Concert Camille et Julie Berthollet, Festival C’est pas classique (Nice Acropolis)
Orchestre de Cannes Provence-Alpes-Côte d’Azur, dirigé par Samuel Jean avec Camille, violon et Julie Berthollet violon, alto et violoncelle.
A l’occasion de la 16e édition de C’est pas classique, festival décomplexé organisé par le département des Alpes Maritimes, Singular’s en a profité pour cerner de près le phénomène musical Camille et Julie Berthollet, duo révélé par l’émission Les Prodiges de France 2, une fratrie aussi renommée pour l’éclectisme que pour la flamboyance de leurs interprétations à la télévision ou au disque. La performance en live est un peu différente.
La musique classique sans filtre, et sans tarif
Le président du département, Charles Ange Ginesy, et Olivier Bellamy donnent le ton avec humour en début de spectacle. Il s’agit ici de « démystifier la musique classique », et d’en offrir l’accès au plus grand nombre, ceci principalement grâce au tour de force de la gratuité : Il n’est en effet pas nécessaire de débourser un centime pour assister aux spectacles du festival.
Difficile pourtant de croire à la variété du public, quand un rapide coup d’œil en début de spectacle permet d’établir une moyenne d’âge supérieure à 40 ans.
Une explosion de couleurs acidulées
Les deux sœurs arrivent dans une explosion de robe de couleurs vives, rouge, jaune pétaradant, et tranchent sur la tradition selon laquelle les solistes sont vêtus de noir et blanc. Casser les codes visuels est un premier pas qui est confirmé par le ton jeune et dynamique employé en annonce du concert – « Vous êtes là Nice ? On vous entend pas ! ». Interpellation familière digne des meilleures punchlines d’artistes de variété ! Mais qui semble pour le moins décalée dans une salle philharmonique de 2000 personnes détaillant 50 nuances de population niçoise, dont 60% avait déjà plus de 30 ans en 2018 (INSEE).
Un cocktail musical
Le duo propose un cheminement entre les genres depuis le classique jusqu’à la musique actuelle, en partant du baroque pour arriver à leurs compositions plus personnelles. De Vivaldi dit le « prête roux », l’aînée Camille l’évoque par sa chevelure flamboyante et son sens de la démonstration. Performance qui faisait mouche il y a six ans quand les deux sœurs ont fait irruption sur la scène musicale, mais un poil réchauffée ce soir – il y a de la technicité, mais pas de vie, l’interprétation est fade. La partie classique (Karl Jenkins, Vivaldi, Mozart, Bach) est peu convaincante et manque de personnalité musicale.

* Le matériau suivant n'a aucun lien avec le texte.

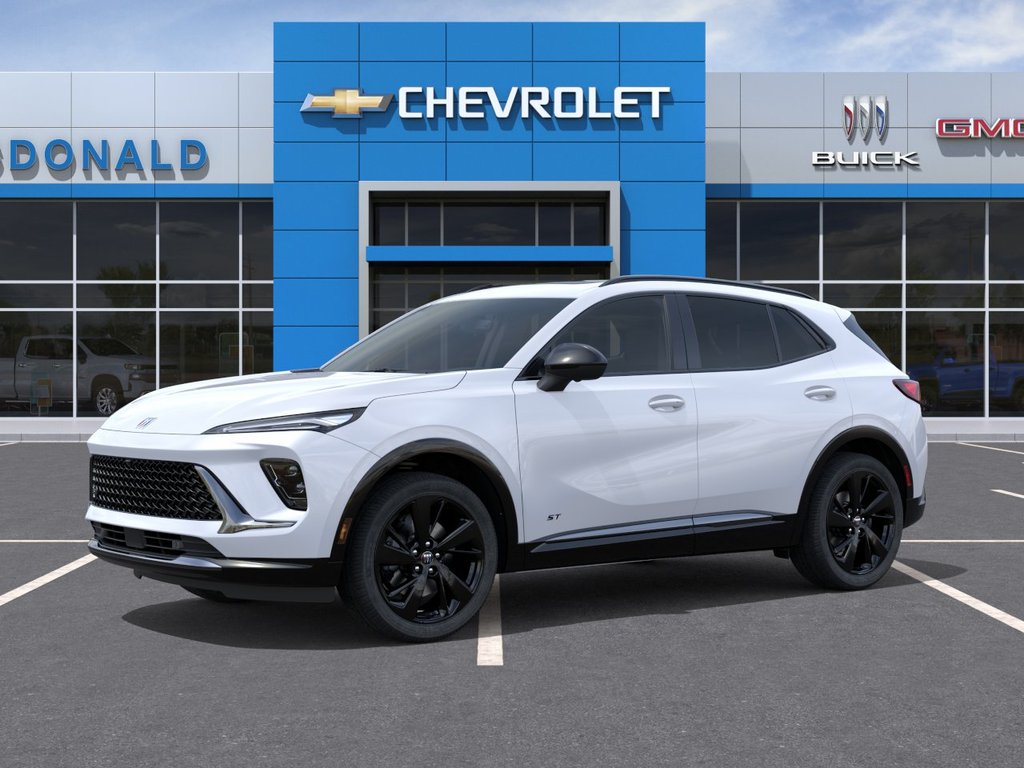2026 Buick Envision in Taber, Alberta - 2 - w1024h768px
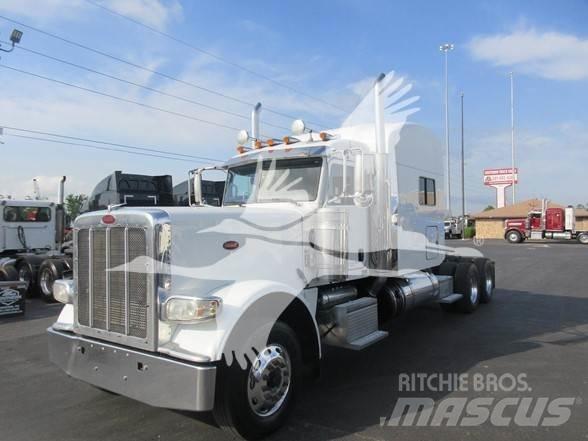 Peterbilt 389 Седельные тягачи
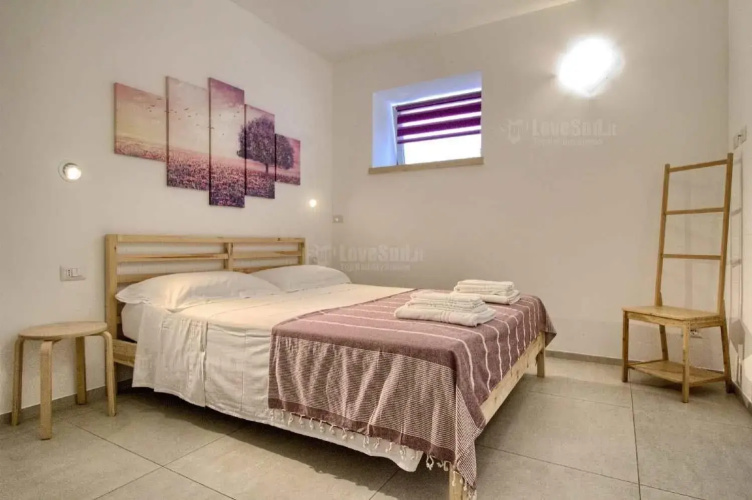 Apt A - Beach View Villa Controvento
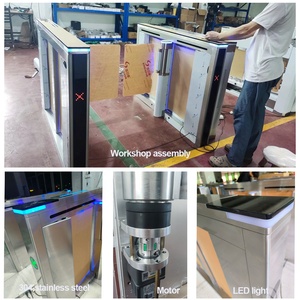 Mécanisme de tourniquet à grande vitesse en vente chaude, mouvement automatique sans balais à courant continu - Product Image 3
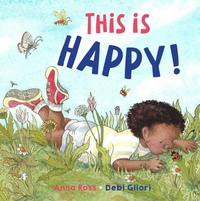 Enlarge image Cover: This is Happy! - Otter-Barry Books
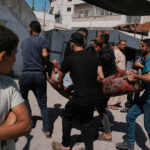 Hamas Reviews U.S. Ceasefire Proposal Amid Gaza Strikes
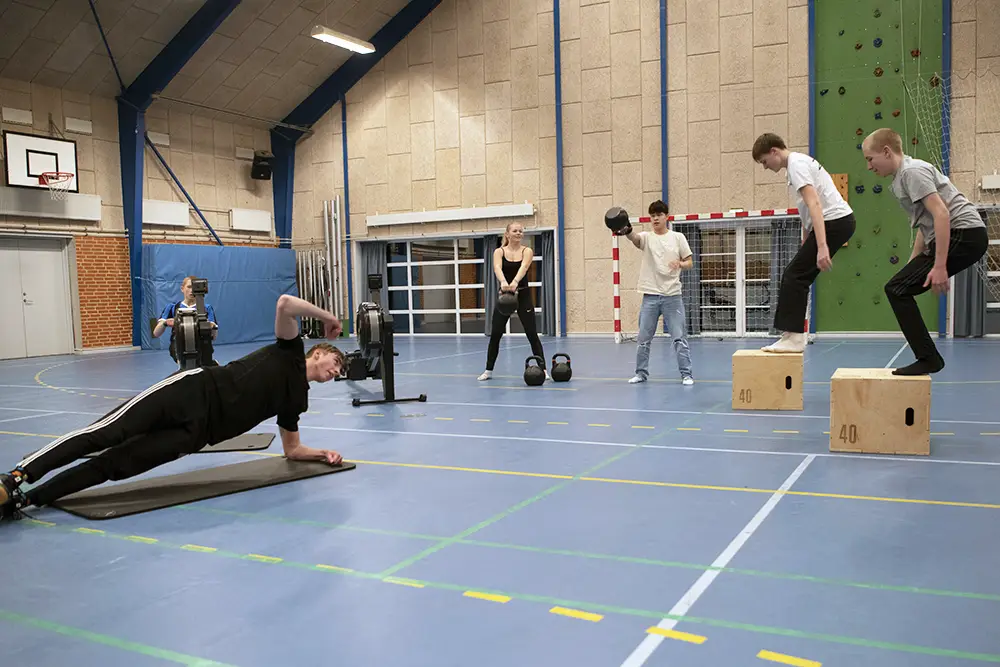 Crossfit SKE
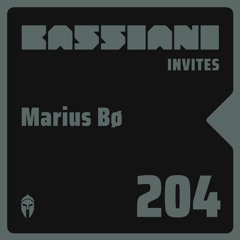 Bassiani invites Marius Bø / Podcast #204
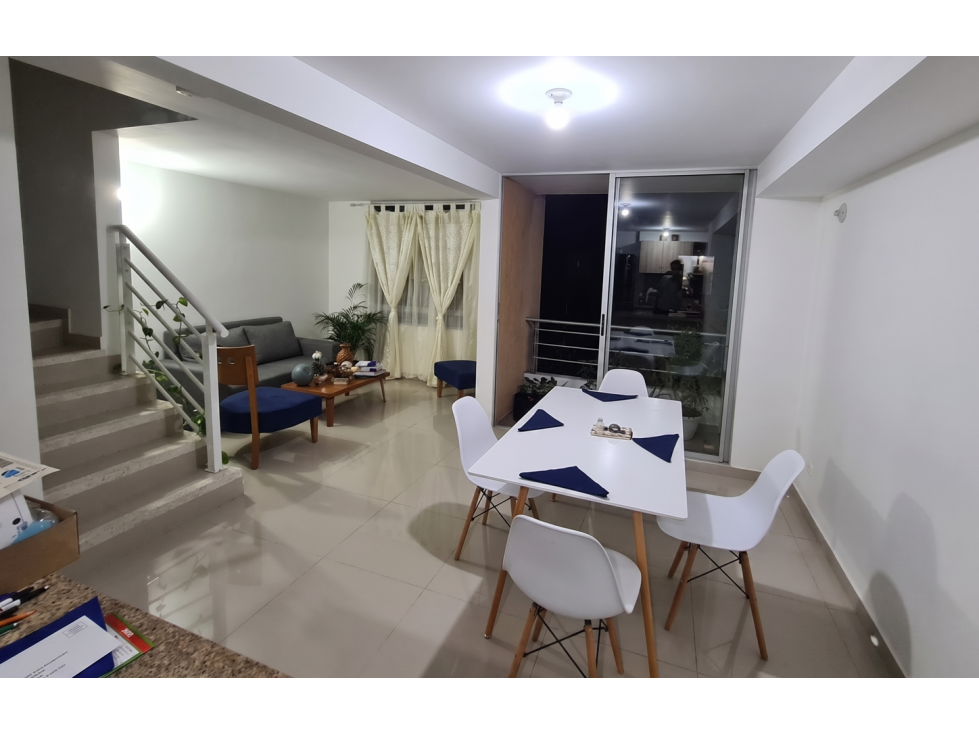 APARTAMENTO EN VENTA PALMIRA EN CONJUNTO SECTOR UNICENTRO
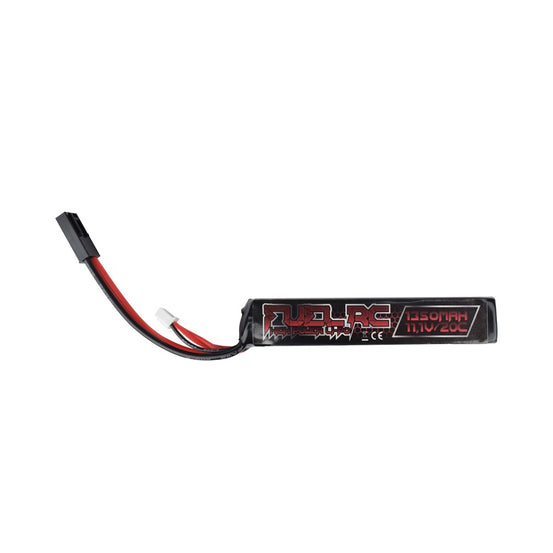 BATTERIA LIPO 11.1V X 1350MAH 20C STICK FUEL RC
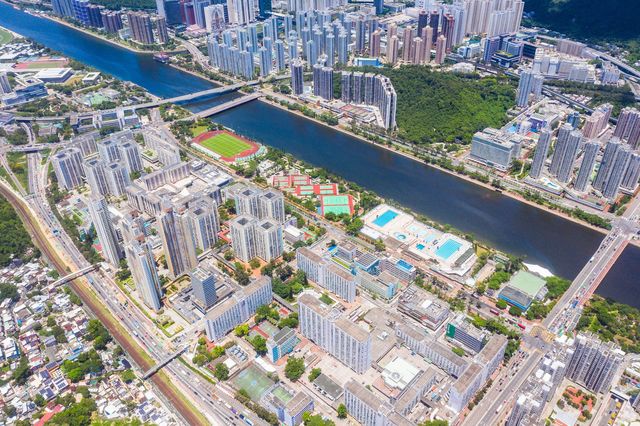 浪漫約會:香港歡樂秘境自駕之旅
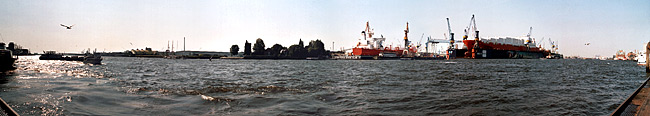 Hamburger Hafen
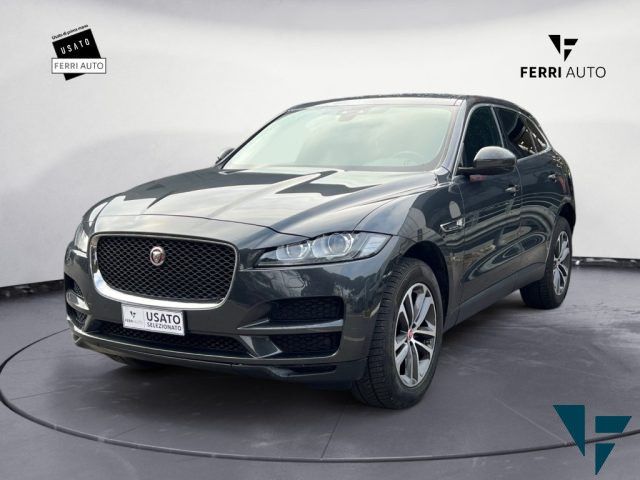 Jaguar JAGUAR F-Pace 2.0 D 180 CV AWD aut. Prestige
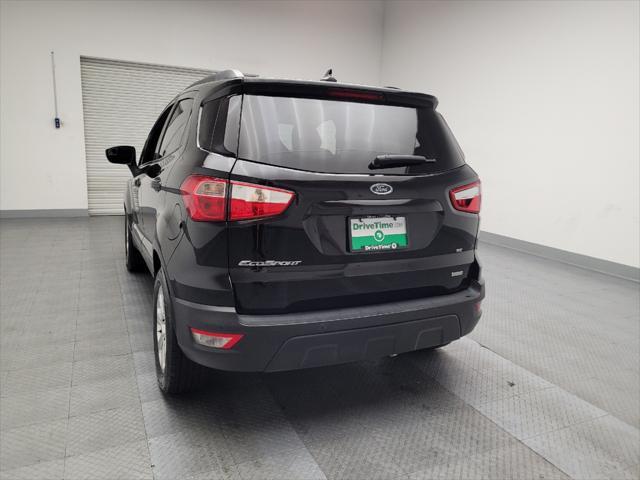 used 2019 Ford EcoSport car, priced at $14,395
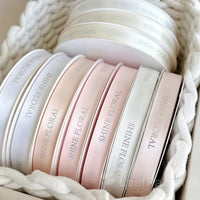 Custom Printed Ribbon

En revanche, la mise en scène est au rendez-vous. Les déplacements, autant que la mise en lumière et la scénographie sont le résultat d’un travail méticuleux. L’énergie des deux solistes est remarquable, d’autant plus qu’elle est mise au service d’une cause louable : rendre la musique classique pétillante.
Le risque du jazz
Le groupe passe aussi sur des thèmes traditionnels de jazz. Mais ici aussi, la vitalité est absente, malgré les chorégraphies élaborées. Il manque le souffle du jazz, c’est-à-dire la capacité à improviser, absente dans la retranscription très réussie, et quasiment note pour note du solo de Stéphane Grapelli dans Minor Swing. Les deux artistes invitent la rigidité de l’apprentissage classique dans un répertoire par essence défini par son improvisation anticonformiste et son éloignement des règles de conservatoire. Contraste d’autant plus remarquable lors des passages solo au piano et au clavier réalisés par d’authentiques musiciens de jazz, en improvisation.
Un doux mélange de séquences formatées
Le programme s’oriente, après un 3e changement de costume, vers les compositions personnelles des deux musiciennes, de reprise de musique klezmer (Czardas, en bis), de tango, avec un très bel hommage à Piazolla sur son tube Libertango. Tout ceci réuni sous le titre Nos 4 saisons.
S’en suivent – collant à la sortie de leur CD Séries (Warner)- des reprises de musique de film (Game of Thrones, Pirates des Caraïbes), et une composition touchante sur laquelle Julie Berthollet prend le micro.
L’usage de séquences (instruments préenregistrés) sur certains morceaux fait perdre davantage en spontanéité là où les sonorités plus électro – un peu cheap tout de même – doivent livrer un signal de modernité.
Défaut de jeunesse
Le duo souffre ici de l’éclectisme tourbillonnant qui fait son succès. Encore au début d’une carrière démarrée en trombe, il peine à trouver sa cohérence dans sa programmation (unique à la soirée) malgré ses bonnes intentions. Il lui faut sans doute encore du travail et de cette discipline qui donne liberté et spontanéité à une représentation live, autant dans la musique que dans le jeu avec le public.
L’historique de programmation du concert en donne deux exemples très différents, Nemanja Radulovic, au ton très rock pour un discours classique/musique folklorique, et Ed Banger, au ton classique sur fond de musique actuelle.
Le spectacle se conclut sans appel, ou plutôt avec rappel.
La salle entière se lève pour acclamer les deux vedettes et réclamer un bis qui s’achève sous les vivats. Les deux sœurs ont peut-être ici réussi leur pari – non pas servir de la musique classique à un public populaire, mais offrir une entrée dans la variété actuelle à un public classique.